DATA EXTRACT
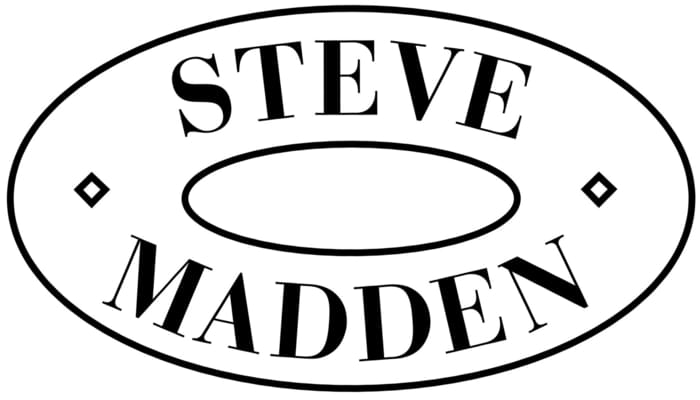 logo steve madden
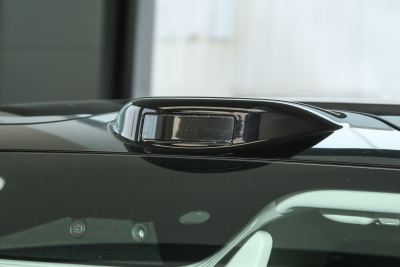 2025款 600激光雷达版-外观-图片-有驾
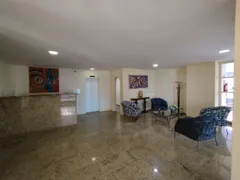 Apartamento com 3 Quartos à venda, 121m² no Jardim São Dimas, São José dos Campos - Foto 37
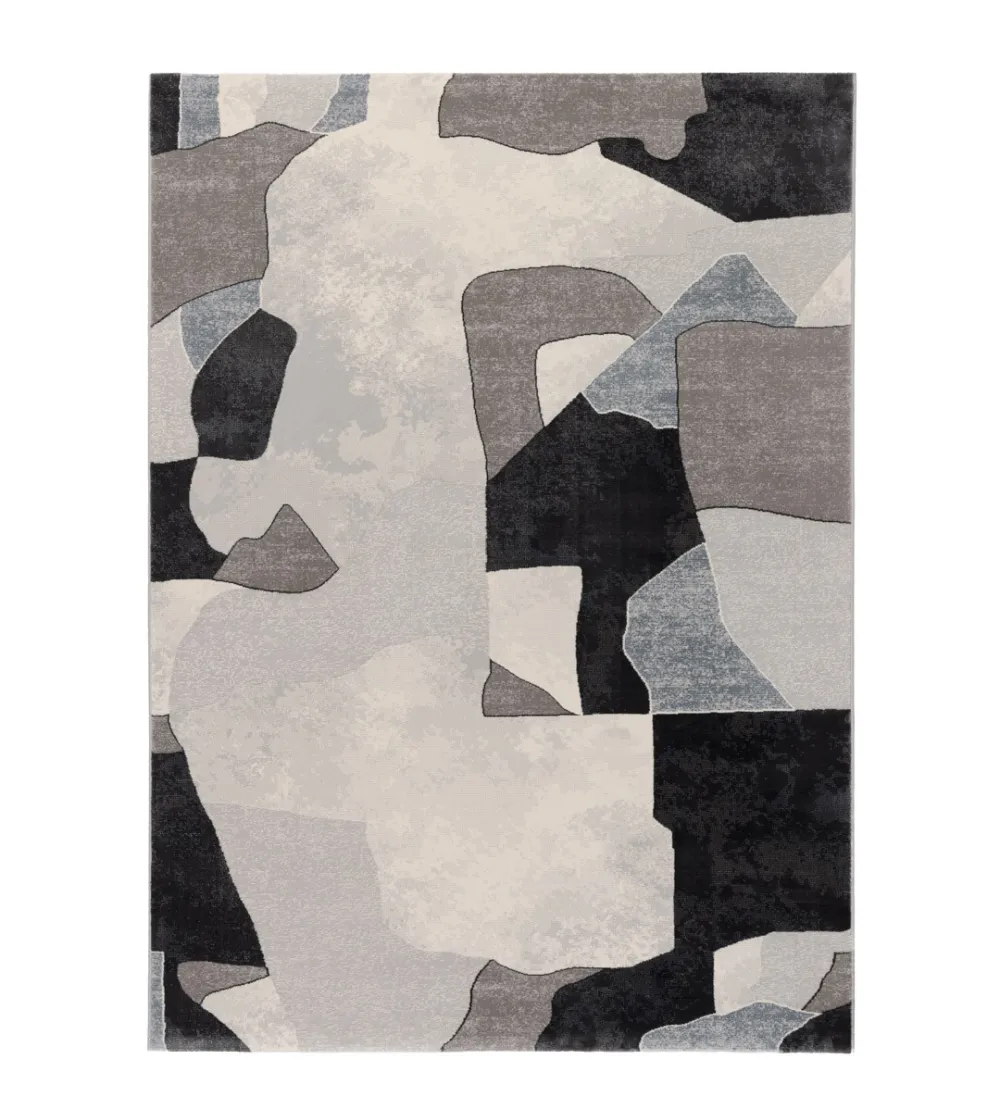 Tappeto Berenice 52105/2636 - Sitap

EXERCISE DETAILS
Reproduce the listing word for word, but keep the pictures out of it.

RESULT BELOW
 logo steve madden
 2025款 600激光雷达版-外观-图片-有驾
 Apartamento com 3 Quartos à venda, 121m² no Jardim São Dimas, São José dos Campos - Foto 37
 Tappeto Berenice 52105/2636 - Sitap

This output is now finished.